* [AVAILABLE DATA]
BEGIN
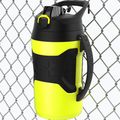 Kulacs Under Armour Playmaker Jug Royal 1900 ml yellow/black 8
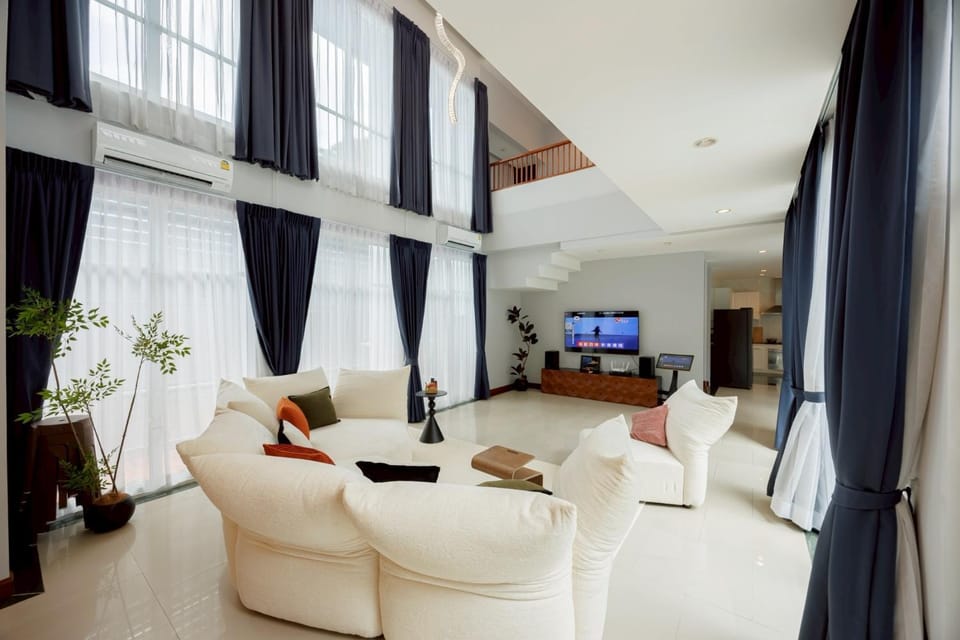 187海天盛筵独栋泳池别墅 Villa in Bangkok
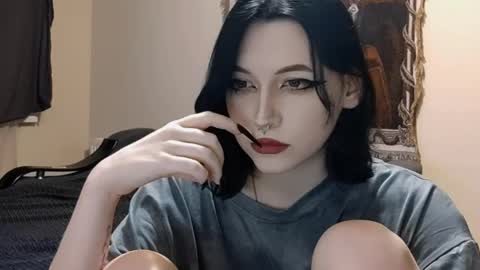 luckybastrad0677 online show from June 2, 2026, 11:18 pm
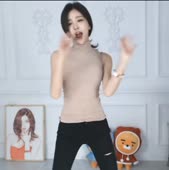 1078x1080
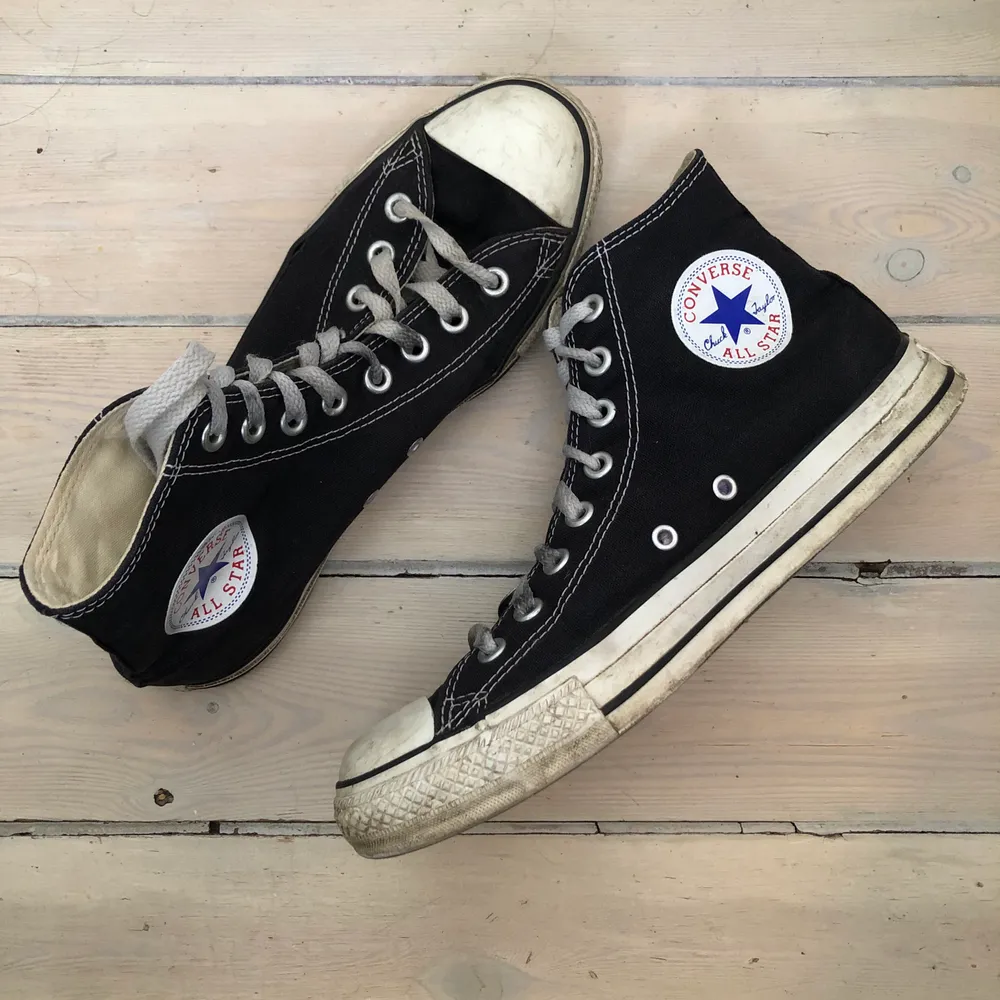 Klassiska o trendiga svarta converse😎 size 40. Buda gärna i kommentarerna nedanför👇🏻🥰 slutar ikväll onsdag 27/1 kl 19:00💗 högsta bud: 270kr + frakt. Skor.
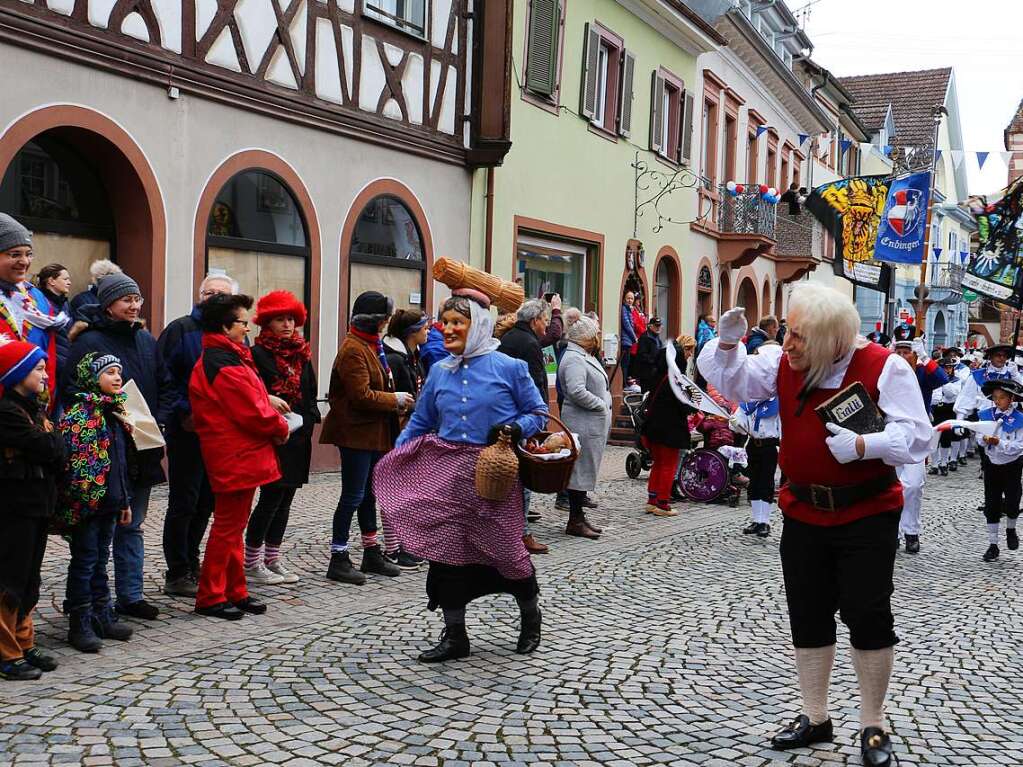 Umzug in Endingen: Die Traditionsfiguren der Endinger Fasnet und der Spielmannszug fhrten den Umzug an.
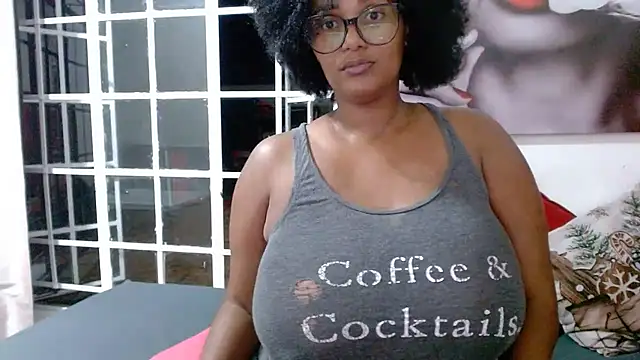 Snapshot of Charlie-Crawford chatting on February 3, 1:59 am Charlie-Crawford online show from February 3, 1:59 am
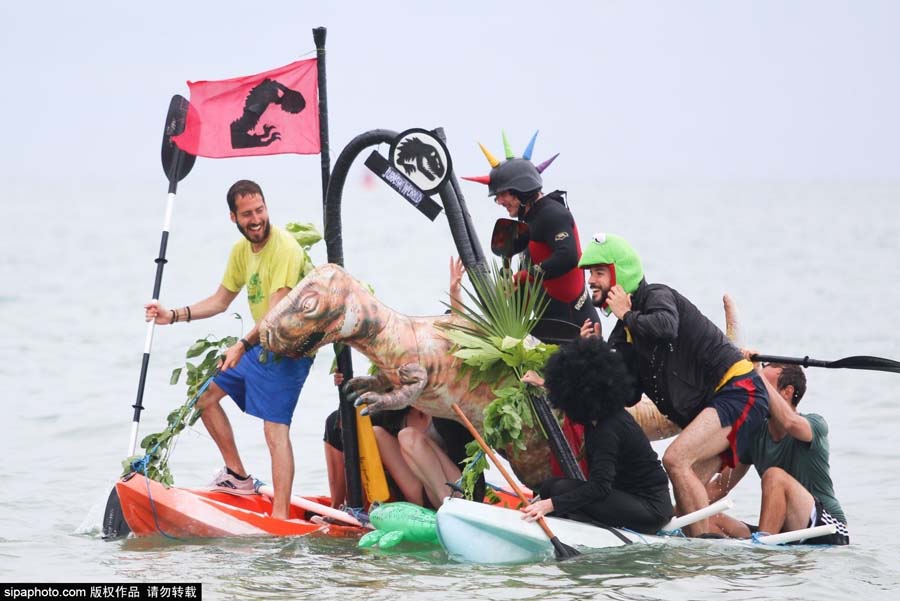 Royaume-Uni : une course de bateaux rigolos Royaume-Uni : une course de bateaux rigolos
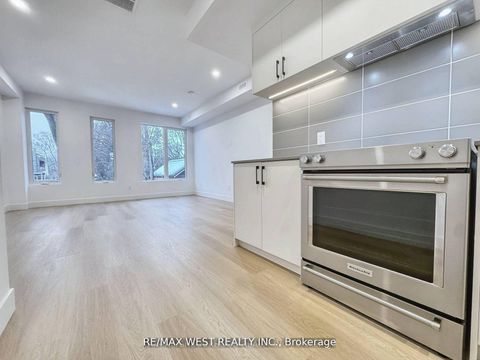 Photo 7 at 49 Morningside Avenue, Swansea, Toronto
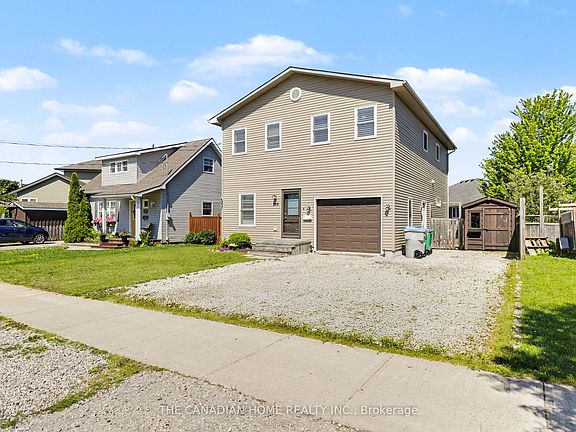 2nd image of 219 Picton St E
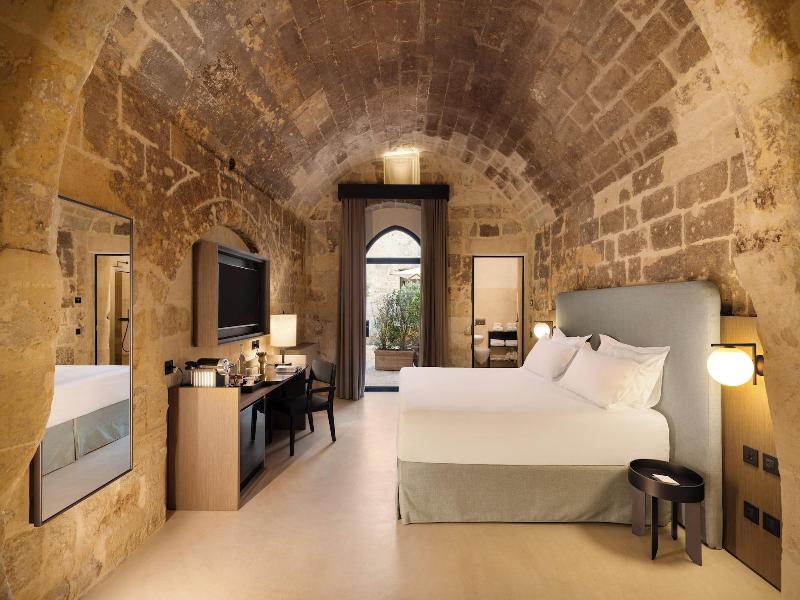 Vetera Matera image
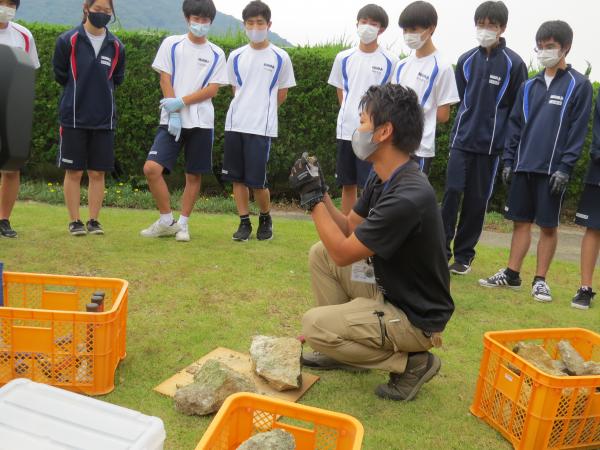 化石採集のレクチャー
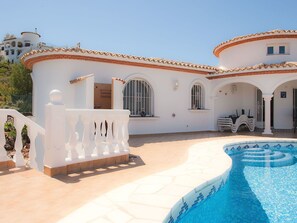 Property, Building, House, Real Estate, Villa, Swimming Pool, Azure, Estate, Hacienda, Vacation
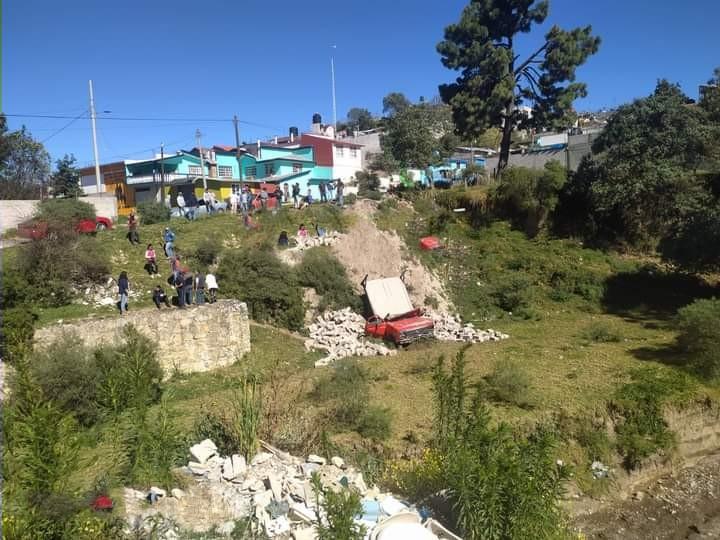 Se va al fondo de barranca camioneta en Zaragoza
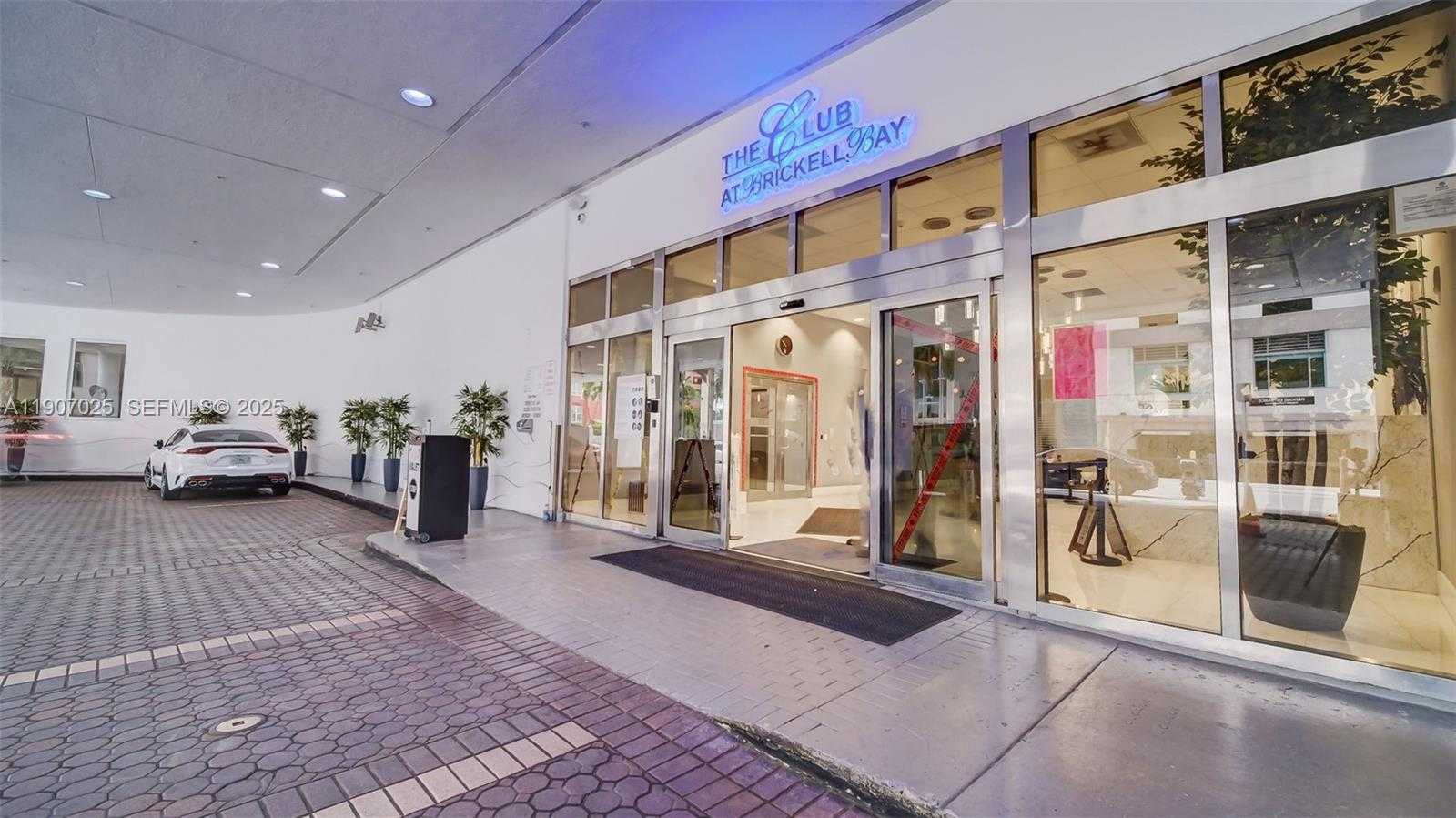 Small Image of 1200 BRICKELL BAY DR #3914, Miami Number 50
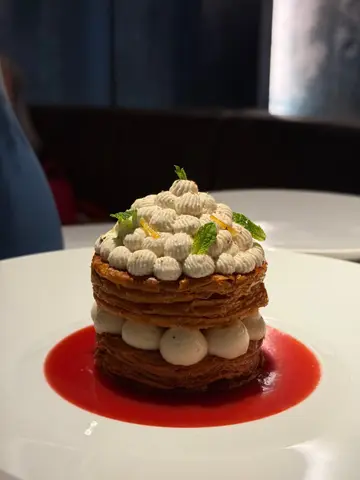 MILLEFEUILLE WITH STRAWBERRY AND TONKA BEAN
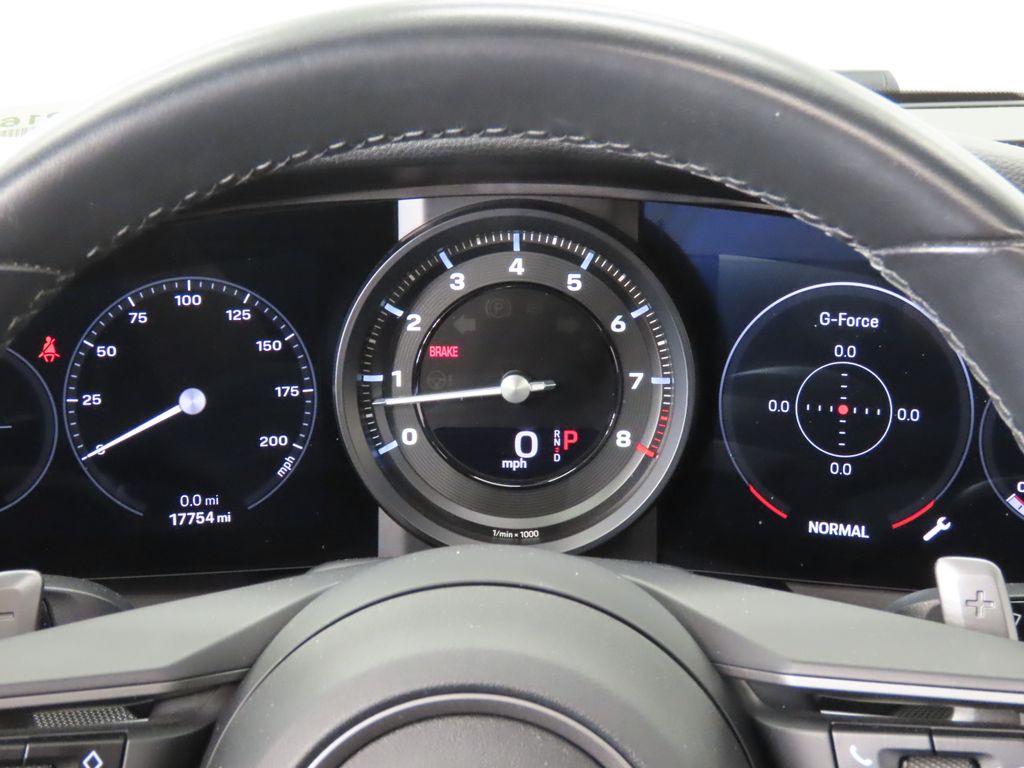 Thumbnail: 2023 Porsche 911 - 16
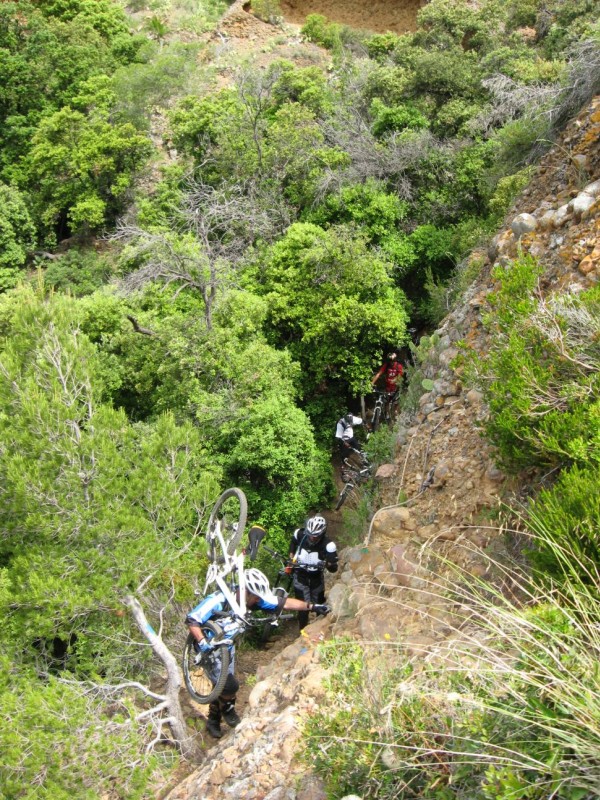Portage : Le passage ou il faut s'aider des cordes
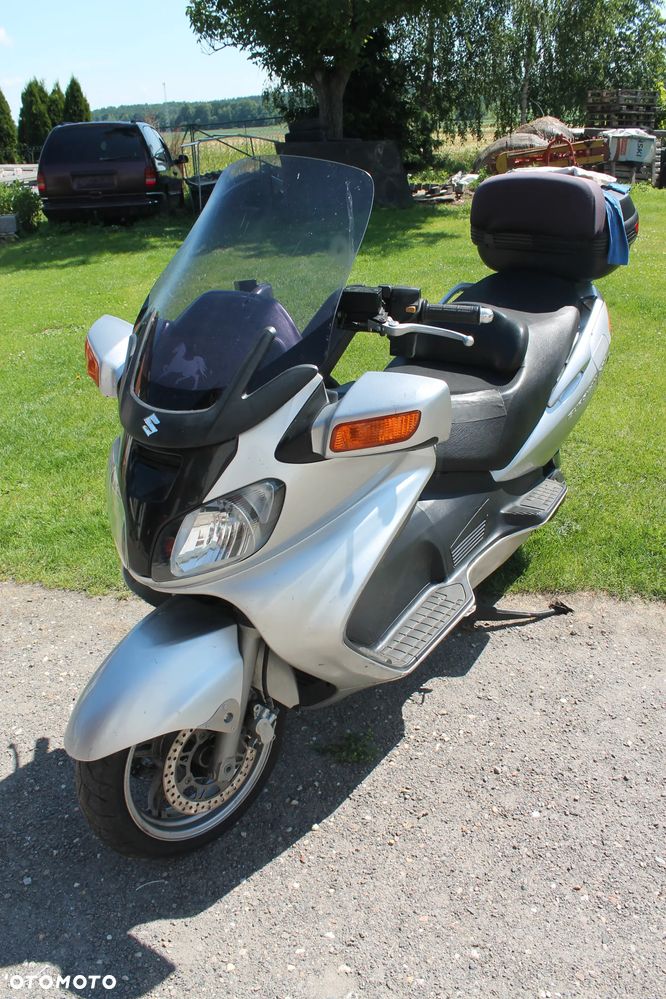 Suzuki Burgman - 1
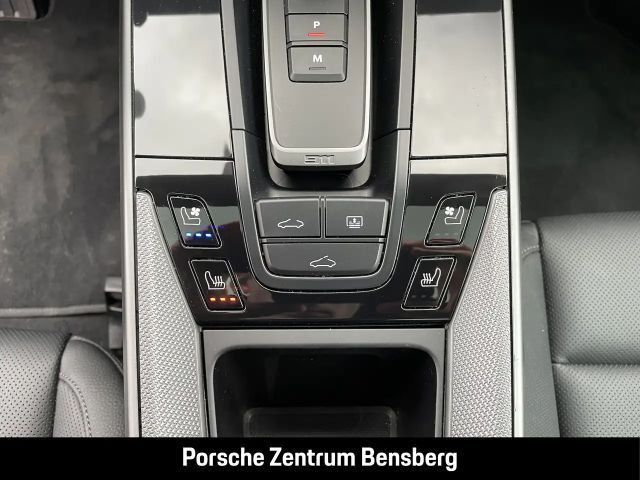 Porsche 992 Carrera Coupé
END
* [WHAT YOU HAVE TO DO]
Reproduce, without alteration and without pictures, only those lines that lie between the first line of the entries above and the line containing "Se va al fondo", both of them included.

* [WRITTEN SOLUTION]
 Kulacs Under Armour Playmaker Jug Royal 1900 ml yellow/black 8
 187海天盛筵独栋泳池别墅 Villa in Bangkok
 luckybastrad0677 online show from June 2, 2026, 11:18 pm
 1078x1080
 Klassiska o trendiga svarta converse😎 size 40. Buda gärna i kommentarerna nedanför👇🏻🥰 slutar ikväll onsdag 27/1 kl 19:00💗 högsta bud: 270kr + frakt. Skor.
 Umzug in Endingen: Die Traditionsfiguren der Endinger Fasnet und der Spielmannszug fhrten den Umzug an.
 Snapshot of Charlie-Crawford chatting on February 3, 1:59 am Charlie-Crawford online show from February 3, 1:59 am
 Royaume-Uni : une course de bateaux rigolos Royaume-Uni : une course de bateaux rigolos
 Photo 7 at 49 Morningside Avenue, Swansea, Toronto
 2nd image of 219 Picton St E
 Vetera Matera image
 化石採集のレクチャー
 Property, Building, House, Real Estate, Villa, Swimming Pool, Azure, Estate, Hacienda, Vacation
 Se va al fondo de barranca camioneta en Zaragoza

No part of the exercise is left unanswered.